Par contre, lui, Mehring, le Blanc libéral « pas tout à fait comme les autres » au dire de sa maîtresse militante et métisse et de son fils objecteur de conscience, pue. Il pue par tous les pores. Comme l’eau de Cologne (dont il s’asperge) peut puer ; comme une Mercedes conduite en souplesse, une vie de dîners en ville, cocktails, parkings au pied du bureau (on ne voit ainsi pas les Noirs), jets en première classe, etc., peuvent puer. Surtout au pays de l’apartheid. La répulsion pour ce personnage, donc pour ce qu’il incarne, est viscérale.

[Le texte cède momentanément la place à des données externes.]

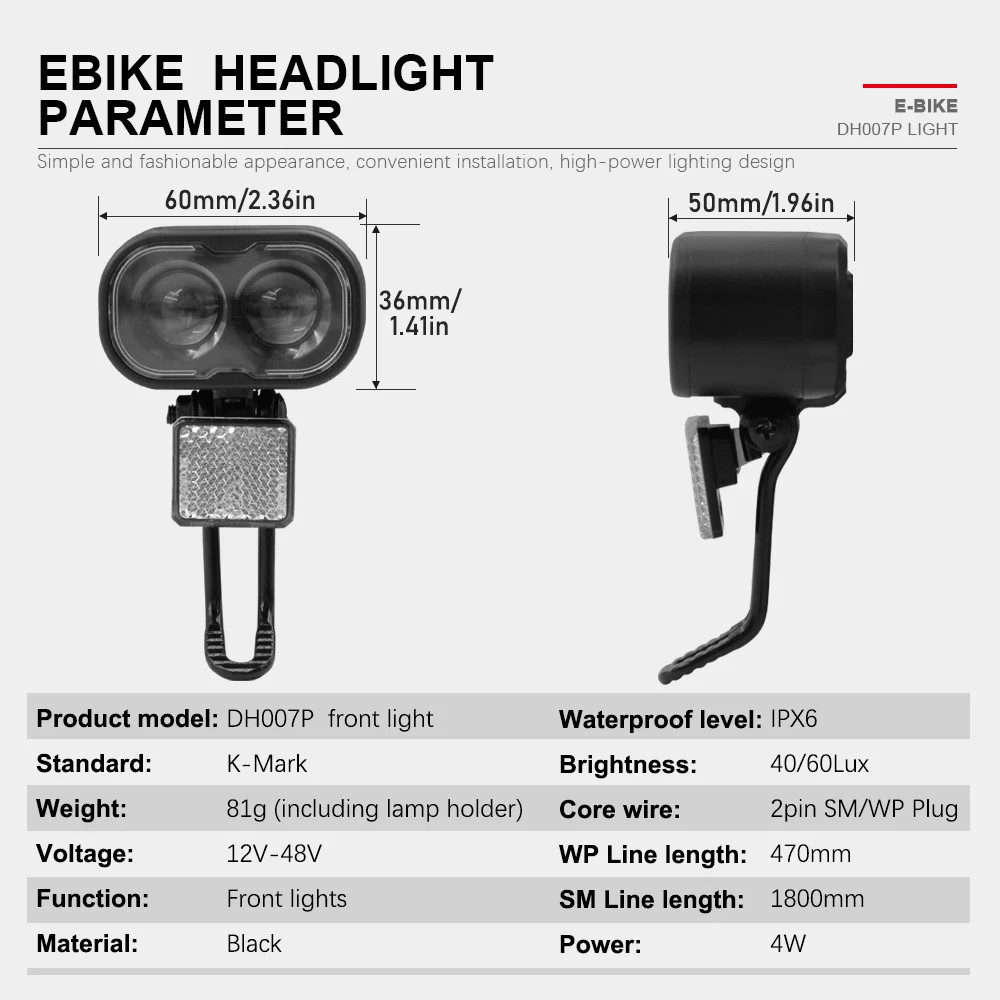 E-bike Front Light 12V/24V/36V/48V SM/Waterproof Plug for Electric Scooter Parts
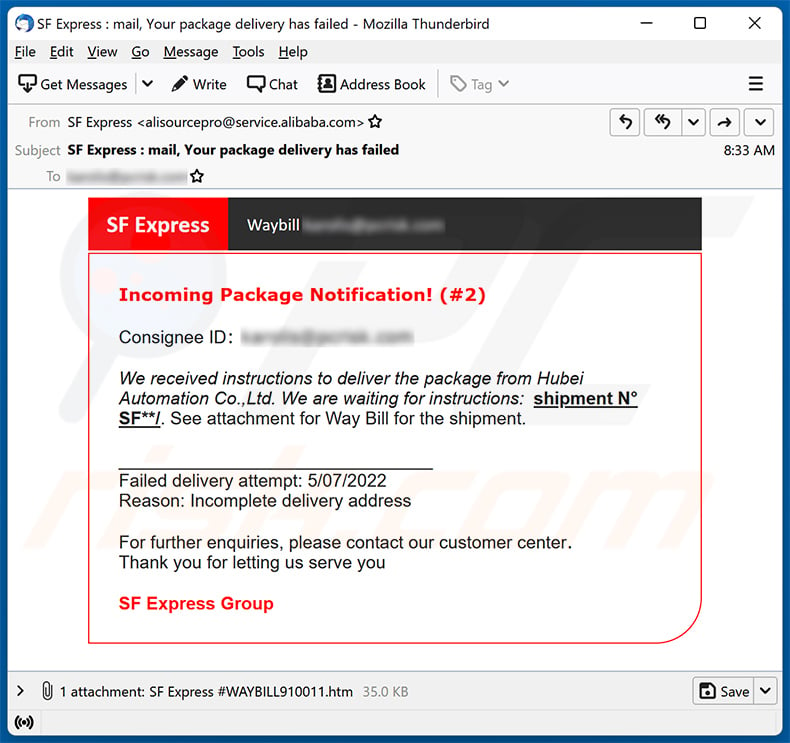 SF Express-themed spam email (2022-05-09)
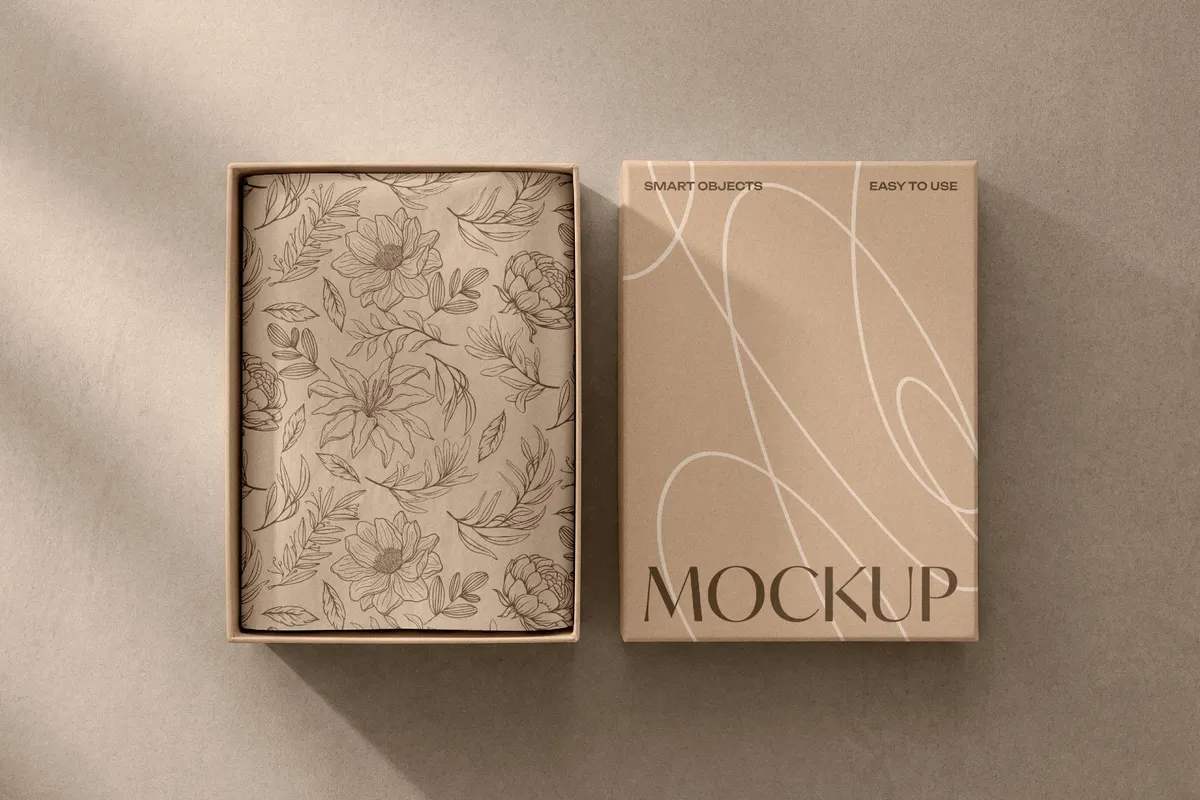 Tissue Paper & Box Packaging Mockup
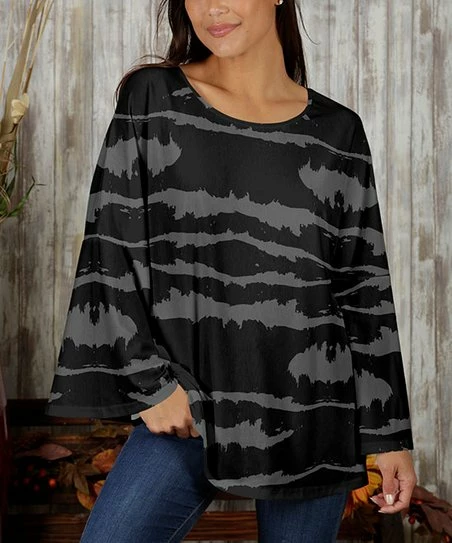 Discount β€οΈ Bon Apple Tea Black & Gray Abstract Bell-Sleeve Scoop Neck Tunic - π© Women & Plus 𧨠1 Discount β€οΈ Bon Apple Tea Black & Gray Abstract Bell-Sleeve Scoop Neck Tunic - π© Women & Plus π§¨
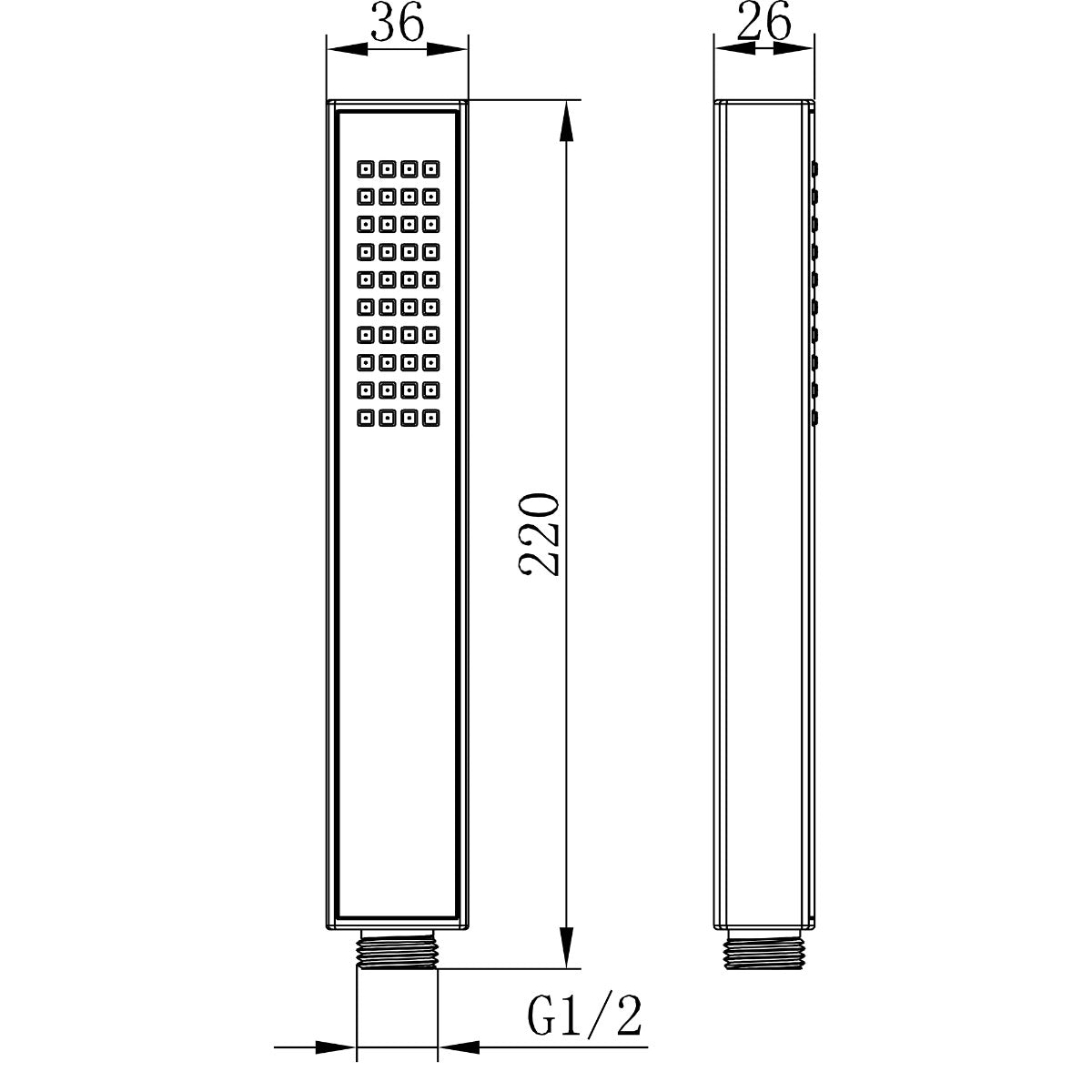 Fairford Pro Solid Square Brass Shower Handset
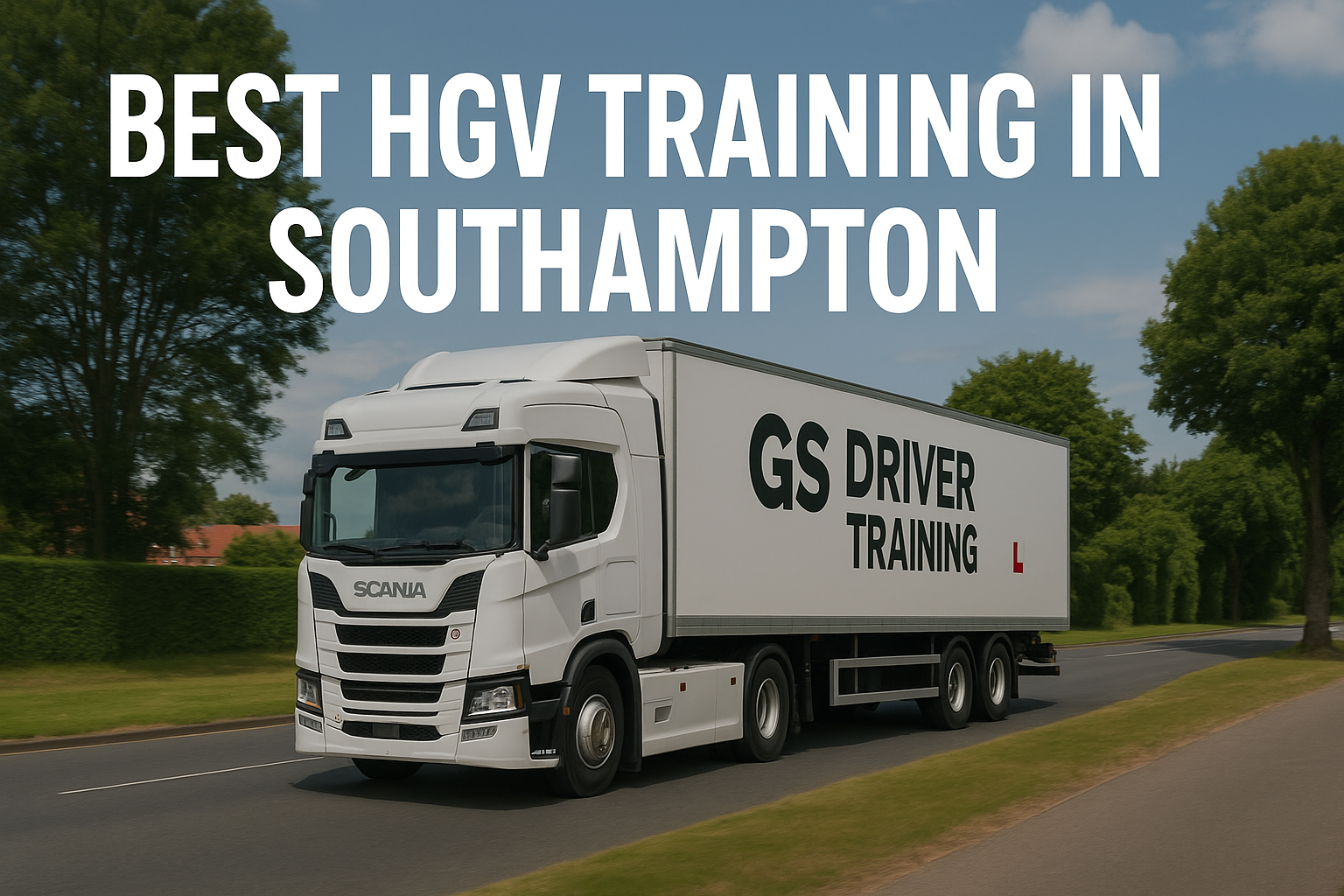 **Alt Text:** A white Scania HGV training truck with "GS DRIVER TRAINING" branding and a red L plate on the trailer drives along a tree-lined suburban road in Southampton. Red brick buildings are visible in the distance, and the sky is partly cloudy. Large white text above reads "BEST HGV TRAINING IN SOUTHAMPTON".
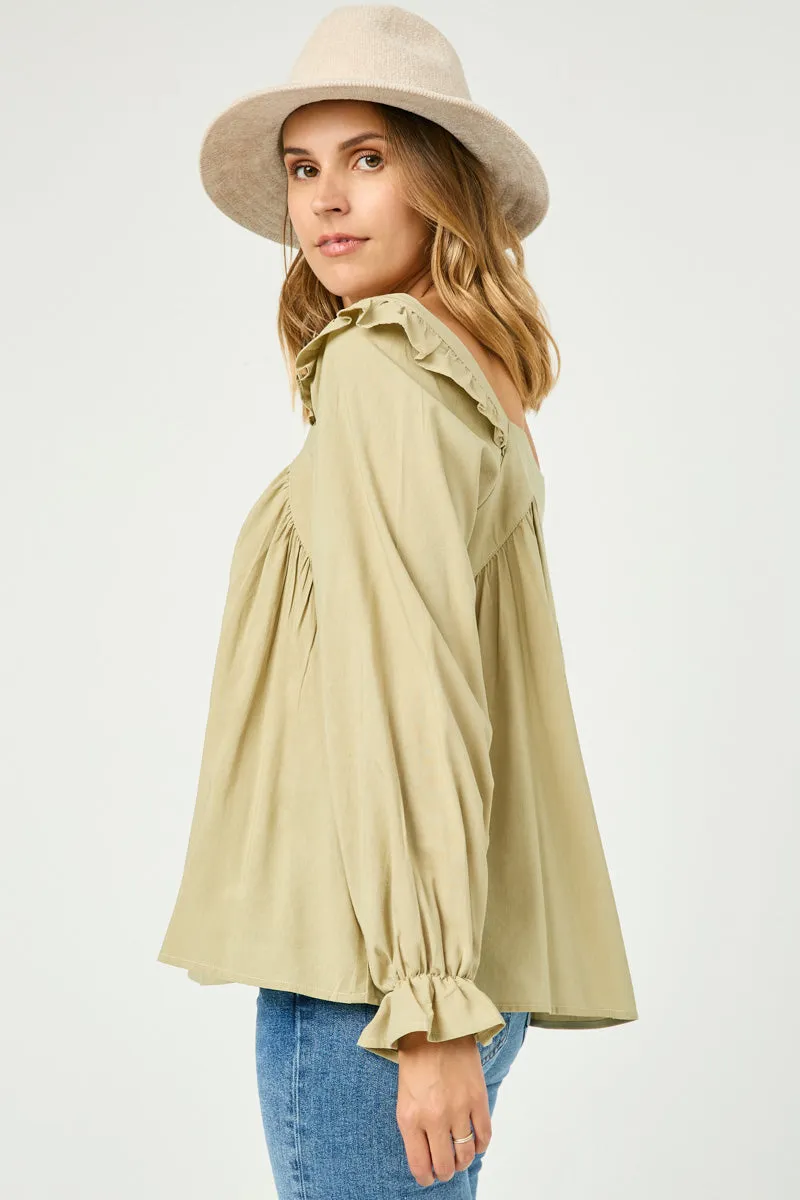 Womens Ruffle Shoulder Long Sleeve Top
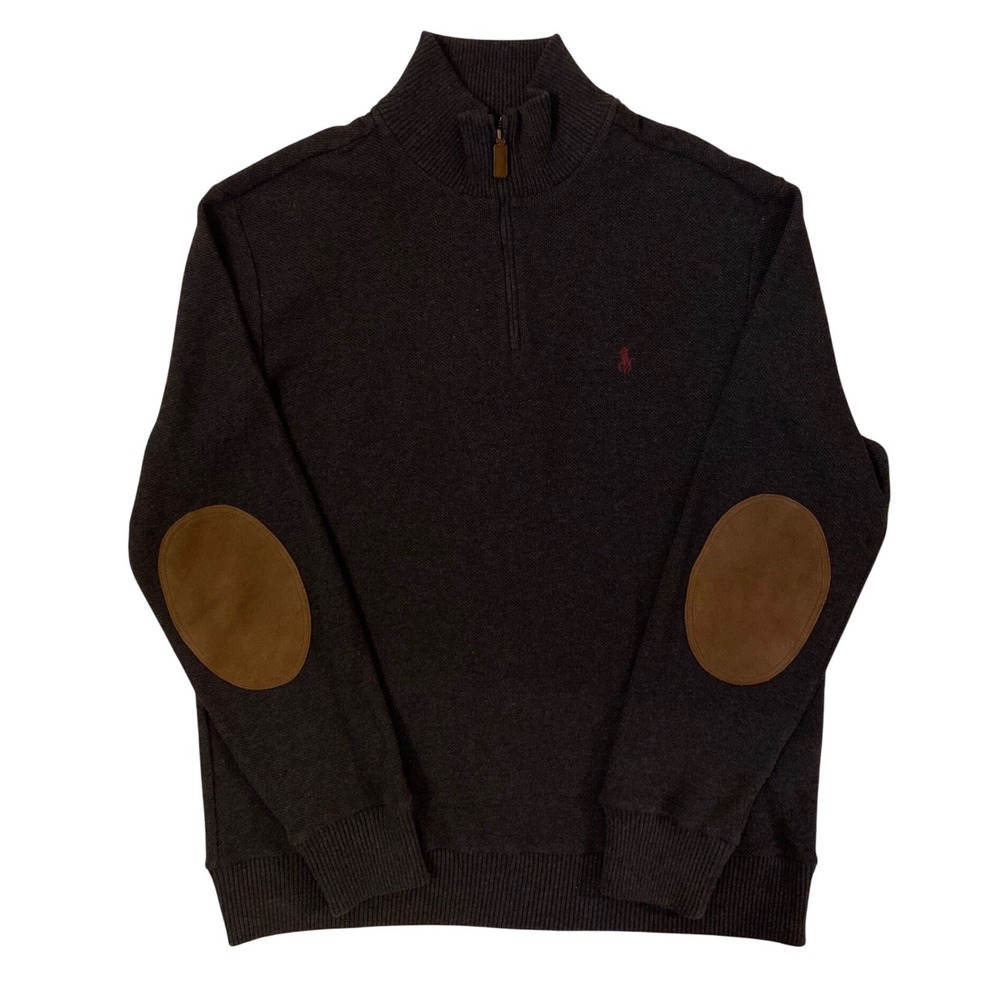 Polo Ralph Lauren Men's Gray Pima Cotton Quarter Zip Sweater Sz L Elbow Patches - Picture 2 of 15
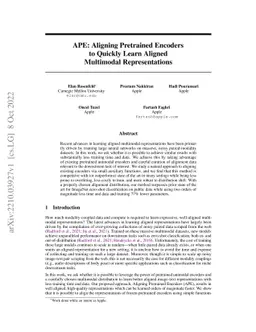 APE: Aligning Pretrained Encoders to Quickly Learn Aligned Multimodal
  Representations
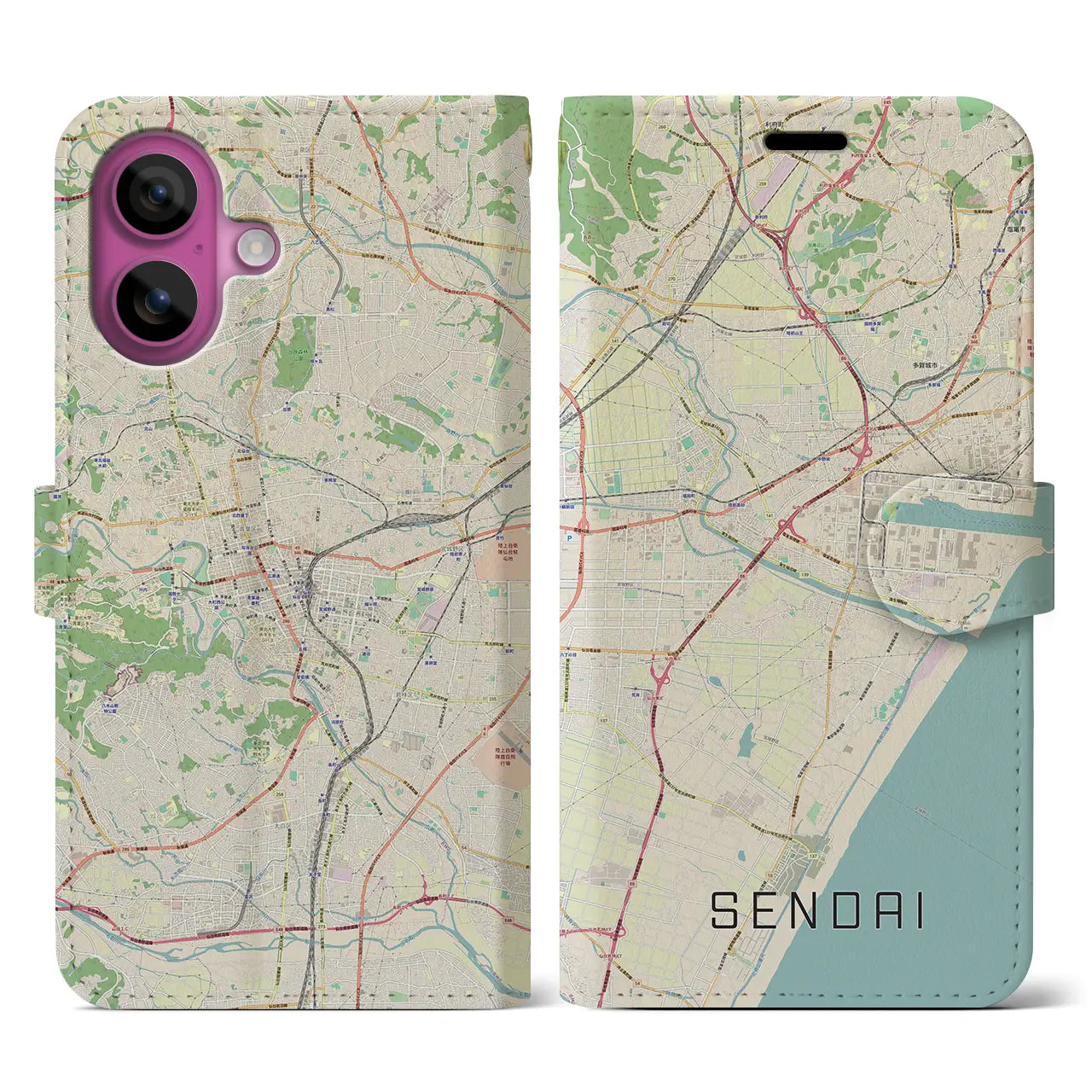 【仙台(宮城県)】地図柄iPhoneケース(手帳タイプ)ナチュラル・iPhone 16 Pro 用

Mais le dessein de Nadine Gordimer est sans doute plus sophistiqué, plus ambitieux. Elle rappelle qu’en 1974, date à laquelle son livre fut publié, puis interdit, « on n’avait pas encore envoyé l’armée contre les townships », mais qu’ « il ne fallait pas être grand clerc pour deviner que c’était imminent ».

C’est cette perception des révoltes à venir, non leur répression, bien sûr, qui empoisonne le subconscient de Mehring. C’est son refus absolu de tout changement social (il veut « conserver » la terre, donc ses privilèges) qui le mène à la paranoïa, à la folie. Car il pressent que le paradis des Blancs va se transformer en cauchemar. La terre ne lui appartient pas. Elle est « vaine » (2). Le cadavre du Noir assassiné trouvé dans sa ferme, enseveli sur place comme un chien, sans sépulture, sans enquête, va revenir polluer l’esprit et l’espace : les lambeaux de chair et d’os, charriés par les pluies diluviennes trouvent là leur revanche, préfigurant la venue d’autres corps, par milliers, qu’il faudra désormais honorer d’un cercueil. Ils semblent dire : « Je te montrerai la peur dans une poignée de poussière. » La peur de l’homme blanc.

A l’heure où Mgr Desmond Tutu appelle à boycotter les élections municipales prévues pour le 26 octobre, la voie risque d’être plus étroite que jamais pour l’écrivain qui a choisi de « rester écrivain » tout en accomplissant son « geste essentiel  ». Il ne devra pas déchoir, tout en se protégeant de la prison ou de l’exil.

Pourtant, lorsqu’un engagement politique est aussi hautement et clairement exprimé que celui de Nadine Gordimer, lorsque son œuvre (malgré parfois une froideur d’entomologiste), témoigne de son opiniâtreté à dénoncer sur place l’apartheid, on peut espérer qu’elle va continuer à « élever la conscience des Blancs ». C’est en effet aux Blancs, faute d’autres moyens, que cette littérature s’adresse, qui n’a pas la prétention de parler du point de vue des opprimés noirs, mais de parler contre les oppresseurs. Il faut là un courage et une ruse que nous autres, tranquillement installés dans nos fauteuils, ne sommes pas encore à même de mesurer.

 

Marie-Françoise Allain
article paru en octobre 1988 dans le Monde diplomatique.

 


 

Années 1970..., Afrique du Sud... Homme d'affaire aisé, Mehring partage sa vie entre les déplacements internationaux et une ferme acquise dans la banlieue de Johanesburg. Le contraste entre son quotidien dans le monde luxueux et superficiel des affaires et les week ends passés dans sa ferme, supervisant l'activité de ses ouvriers agricoles. Les personnages sont d'abord décrits selon leur origine éthnique si déterminante dans cette société sous le régime de l'apartheid. Les Indiens tiennent de petites échoppes en famille, les Noirs, selon qu'ils détiennent ou non des papiers les autorisant à travailler sont recrutés pour des activités physiques usantes et logés dans des bidonvilles, tandis que les Blancs, Boers ou anglo-saxons disposent de domestiques et vivent dans l'aisance, voyagent...

Mehring, le personnage principal, arrive à un moment de sa vie où plus rien ne va de soi : il ressasse les souvenirs de ses relations (amoureuses, familiales) pour tenter de comprendre pourquoi elles aboutissent à des impasses. Ses rapports avec son contre-maître et les ouvriers sont plutôt corrects, mais une pointe de mépris à leur endroit affleure en permanence. Un fait divers (le meurtre puis la mise en terre d'un Noir inconnu sur le domaine de Mehring) va provoquer chez les ouvriers une forme de sursaut de dignité et de courage qui se traduira par l'organisation d'une cérémonie en hommage au mort en forme d'insoumission à leur 'maître'.